A new poll, released as two more left-leaning candidates prepare to enter the Liberal leadership race, suggests a merger of the Liberal and New Democratic parties could be an electoral winner.To sum up: sound majorities of the Dippers surveyed don't like the idea, and Canadians in general are even more thoroughly opposed. Even among the party which lost power in the last election, the appetite for change is limited to just over a third of those surveyed.
The Decima Research poll found that 25 per cent of Canadians believed the two parties should unite.
Voters who supported either of the two parties in last winter's election were even more receptive to the idea: 36 per cent of Liberals favoured a merger and 32 per cent of New Democrats...
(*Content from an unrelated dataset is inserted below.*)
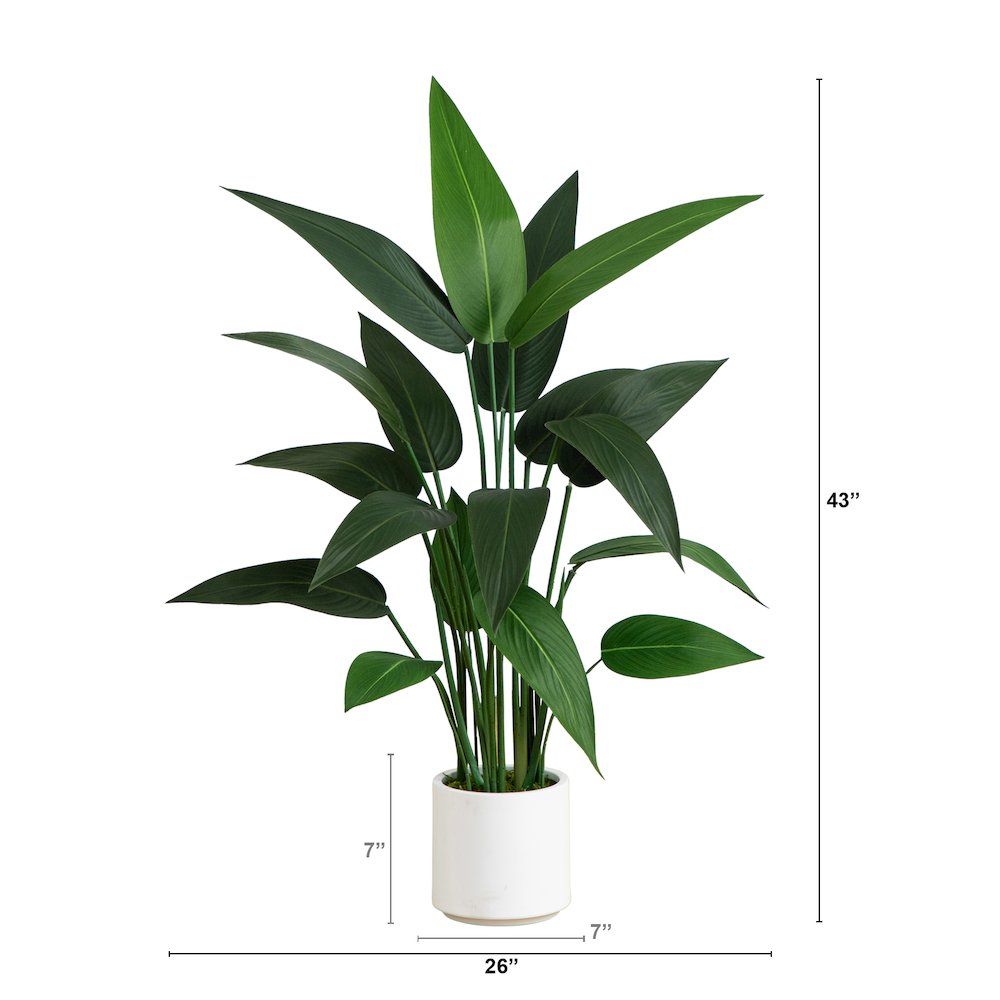 43in. Artificial Sky Bird Tree in White Decorative Planter. Picture 1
In the last election, Decima found 17 per cent of Canadians voted strategically for a party that was not their first choice, motivated primarily by a desire to defeat the Liberals. More than one-quarter of those strategic voters cast ballots for the NDP.
While that's a relatively small number, the Decima analysis points out that the election results hinged on fewer than 20,000 votes in 14 ridings, where the split between the Liberals and NDP allowed the Tories to win. Had the Liberals won those ridings, they would have formed a minority government.
Meanwhile, based on Decima's own election analysis, any electoral gains for a "united left" (which of course means a Lib-dominated party with the NDP merrily agreeing to its own destruction) would only have resulted in a minority government which would then have had to seek Bloc or Con support. And even that relatively small improvement ignores a substantial portion of NDP voters who weren't at all interested in voting Lib, and may well have voted Cons as their second non-Lib choice. Which means that even for the "stop Harper at all costs" crowd, there may not have been any meaningful benefit to a merger...while the dangers of rightward drift in a Lib-type party with no NDP counterweight could lead to all the more damage in the long term regardless of who managed to win power.
It's only in the face of what sounds like strong disapproval and a lack of any great electoral gain at stake that the article tries to claim that the small group of people receptive to an NDP/Lib amalgamation is supposed to favour a merger. But the majorities in both parties seem to prefer the status quo. And for the NDP in particular, it'll take a far better deal than could possibly be expected from the Libs - and far more foreseeable gains than the Decima analysis suggests - to justify going through the trouble of convincing two-thirds of Dippers and three-quarters of Canadians generally that it's worth taking on the Libs' baggage.